Architectural Design Patterns for XML Documents
March 26, 2003
Introduction
No one wants to reinvent the wheel. One way programmers try to reuse good ideas about object design is to look to catalogs of design patterns like, most famously, the Gang of Four's Design Patterns: Elements of Reusable Object-Oriented Software (Gamma et. al.). XML has been used enough now that some high-level patterns are starting to emerge. Some patterns revolve around the low-level details of good schema design, like those put together by Dare Obasanjo in "W3C XML Schema Design Patterns"; but when you have a blank sheet of paper in front of you and you're ready to start designing your new XML format, you want patterns to guide you at a higher level. This article attempts to document a few whole-document design patterns that have proven themselves in the field.
Dynamic Document
Abstract
This pattern contains XML untyped by DTD or schema, but follows accessors for underlying program objects. It allows for unlimited extension by multiple, uncoordinated parties at the cost of lack of type-checking; and is simple to implement, with supporting libraries abounding (e.g. Apache Commons for Java; .NET's XML marshalling for C#).
Problem
You need to develop a format quickly, or many different people are contributing on an ad-hoc basis at different times, and it's not possible to have a fixed document design.
Context
This pattern is more common for private formats or technical ones, such as configuration for a server or a marshaling format. It also is a good match for Extreme Programming projects because you can get it working quickly, refactoring later to use another mechanism if needed.
Forces
- You need a "quick and dirty" solution.
- You can't know beforehand what extensions will be required, but you know they will be many and created by people other than the original document format creator.
Solution
Don't design a format and drop validation. Have a technical solution -- that is, a marshaller -- drive the XML generation. As data structures in your program change, the generated XML changes. In both .NET and in Java the marshaller uses reflection and extra metadata (.NET CLR attributes or JavaBean BeanInfo classes) to find the read/write properties of a class. It moves recursively through the object graph, generating a tree of XML elements named after the accessor. For example, these two classes:
public Person { public String getName() { ... } public void setName(String name) { ... } public Address getAddress() { ... } public void setAddress(Address address) { ... } } public Address { public String getCity() { ... } public void setCity(String city) { ... } public String getState() { ... } public void setState(String state) { ... } }
might be marshalled as
<person> <name>Kyle Downey</name> <address> <city>Forest Hills</city> <state>Queens</state> </address> </person>
Discussion
Before sitting down to do a potentially complex document design, you should always ask yourself if a dynamic, data-driven format might be sufficient. Most XML-aware development platforms provide at least one library that will take an object and convert it into XML. You've done the object design, and in a couple lines of code, you've done your document design as well. If you're on a tight deadline, this is a potentially big time-saver for the development team.
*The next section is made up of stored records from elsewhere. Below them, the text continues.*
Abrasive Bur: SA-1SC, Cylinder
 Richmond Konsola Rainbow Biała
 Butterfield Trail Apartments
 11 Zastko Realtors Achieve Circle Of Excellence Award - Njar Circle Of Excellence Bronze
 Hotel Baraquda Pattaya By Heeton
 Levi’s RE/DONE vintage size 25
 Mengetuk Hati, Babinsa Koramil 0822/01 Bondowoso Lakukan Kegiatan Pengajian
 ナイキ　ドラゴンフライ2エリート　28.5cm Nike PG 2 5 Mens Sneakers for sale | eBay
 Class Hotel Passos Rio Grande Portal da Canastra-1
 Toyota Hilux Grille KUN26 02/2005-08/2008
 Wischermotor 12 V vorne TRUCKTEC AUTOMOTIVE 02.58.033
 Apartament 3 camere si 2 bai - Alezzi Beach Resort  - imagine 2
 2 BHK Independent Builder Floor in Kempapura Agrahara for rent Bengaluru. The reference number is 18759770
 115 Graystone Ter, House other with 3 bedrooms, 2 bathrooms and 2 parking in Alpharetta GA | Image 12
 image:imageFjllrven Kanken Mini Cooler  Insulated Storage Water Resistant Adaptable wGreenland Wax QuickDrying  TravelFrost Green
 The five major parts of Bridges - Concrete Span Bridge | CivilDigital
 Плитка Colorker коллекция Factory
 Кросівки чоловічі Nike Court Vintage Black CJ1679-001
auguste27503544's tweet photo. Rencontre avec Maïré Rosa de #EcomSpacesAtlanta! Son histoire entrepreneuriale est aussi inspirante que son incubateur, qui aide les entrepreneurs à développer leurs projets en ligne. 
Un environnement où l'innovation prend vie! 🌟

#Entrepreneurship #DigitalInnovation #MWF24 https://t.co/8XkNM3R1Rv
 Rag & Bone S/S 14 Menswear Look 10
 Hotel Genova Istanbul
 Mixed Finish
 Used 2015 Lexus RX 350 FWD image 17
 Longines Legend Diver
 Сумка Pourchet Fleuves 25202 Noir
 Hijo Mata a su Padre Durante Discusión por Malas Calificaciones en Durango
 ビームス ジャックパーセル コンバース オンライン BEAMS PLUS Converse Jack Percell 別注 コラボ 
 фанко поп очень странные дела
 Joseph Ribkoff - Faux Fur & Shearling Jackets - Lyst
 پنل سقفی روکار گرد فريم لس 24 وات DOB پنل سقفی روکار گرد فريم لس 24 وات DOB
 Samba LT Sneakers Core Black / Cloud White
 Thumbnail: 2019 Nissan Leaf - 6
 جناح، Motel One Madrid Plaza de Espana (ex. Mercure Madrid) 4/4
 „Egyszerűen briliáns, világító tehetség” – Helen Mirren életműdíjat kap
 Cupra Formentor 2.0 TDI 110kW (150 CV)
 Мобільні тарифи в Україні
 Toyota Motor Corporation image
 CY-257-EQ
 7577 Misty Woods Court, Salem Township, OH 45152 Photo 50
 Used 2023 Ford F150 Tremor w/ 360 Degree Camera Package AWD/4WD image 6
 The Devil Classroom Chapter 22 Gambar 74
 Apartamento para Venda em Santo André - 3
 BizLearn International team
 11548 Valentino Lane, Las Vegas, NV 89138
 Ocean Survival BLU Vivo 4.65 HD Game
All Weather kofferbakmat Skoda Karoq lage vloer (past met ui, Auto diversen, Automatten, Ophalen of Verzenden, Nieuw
But not so fast. Dynamic document most likely isn't an option for you if
- you're designing a long-lived business-critical exchange format and thus you don't want the format to change whenever you change your object design; or
- you don't trust the producers of the data to get it right, and cost of a mistake is high. For example, a document notifying you about inventory changes at a partner's warehouse and thus the lack of validation is risky.
Related Patterns
None. This is the "zero design pattern design." Once you start to involve other patterns, you're enforcing a human design rather than having a dynamic document.
Known Uses
- Ant build.xml
- Apache Tomcat server.xml
- JDK 1.4 JavaBean XML persistence
- .NET XML Marshalling
- SOAP default encoding
Composition
Abstract
Wherever possible, define the format using existing standards, referencing their elements by namespace rather than rolling your own. For example, add metadata to your metadata using RDF and the Dublin Core extensions rather than inventing your own <author> and <description> tags. Allows for independent evolution of markup by parties who know the business domain best.
Problem
You have an existing or planned document format that provides common types of data using its own, proprietary elements and types, and you're forced to maintain and understand that subset of data yourself, even though you're not a domain specialist.
Context
With all the standardization work out there, just about any business-oriented document problem presents an opportunity for defining some elements with Composition.
Forces
- There is an opportunity to reuse a <simpleType>, <complexType> or <element> from another XML schema.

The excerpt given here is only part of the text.